I see a trend over the past 20+ years: cop shows offer female audiences what we’ve been craving—strong, complicated, brilliant women protagonists—yet there seems to be a sexual violence “trade-off.” Older, more experienced women get to be powerful investigators, but the cases they get to investigate include disproportionate (and graphic) representations of violence against younger women and girls.

The Fall, for example, follows Belfast detective Stella Gibson, played by Gillian Anderson (The X-Files), a brilliant, independent female lead who defies convention. According to TV critic Emily Hashimoto, “It is clear that the detective is in charge of herself without any shame and guilt-ridden trappings often bestowed on female characters. Too often, women in TV and film are cast as incapable in their professional lives, waylaid by personal issues or a hysterical abundance of emotions….it is utterly refreshing to see a female character be good at her job without worrying about having a boyfriend or children.” However, the antagonist is “a serial killer…who favors targeting pretty young professional women,” Hashimoto says. “We see the way he stalks and plans; we see his violence.”

In The Bletchley Circle, we have a 1950s historical drama about four women who must return to civilian life after cracking Nazi codes during WWII. Sworn to secrecy about their classified work, they have to fit back into a world that denies the existence of their intelligence and crushes their ambition. They begin to investigate a series of murders that the police have gotten wrong.
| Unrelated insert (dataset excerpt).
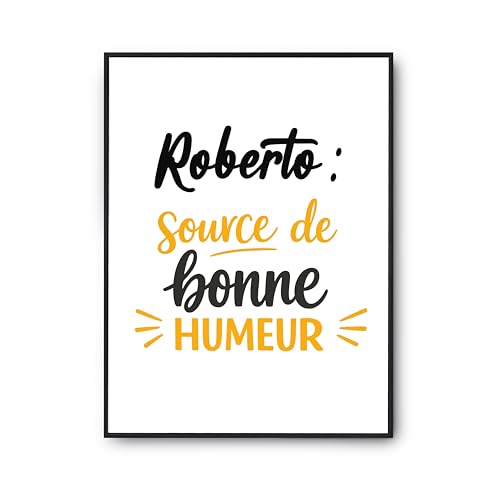 Affiche Roberto poster rompre la monotonie murale avec humour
And you guessed it: the serial killer preys on women (the second season continues with more than one case featuring sexual violence).

Perhaps we have the U.K. to thank for this trend. In 1991, Prime Suspect premiered on ITV, starring Helen Mirren as Detective Chief Inspector, one of the first females to hold the position in Greater London's Metropolitan Police Service. Her original case involves the rape and murder of a young woman.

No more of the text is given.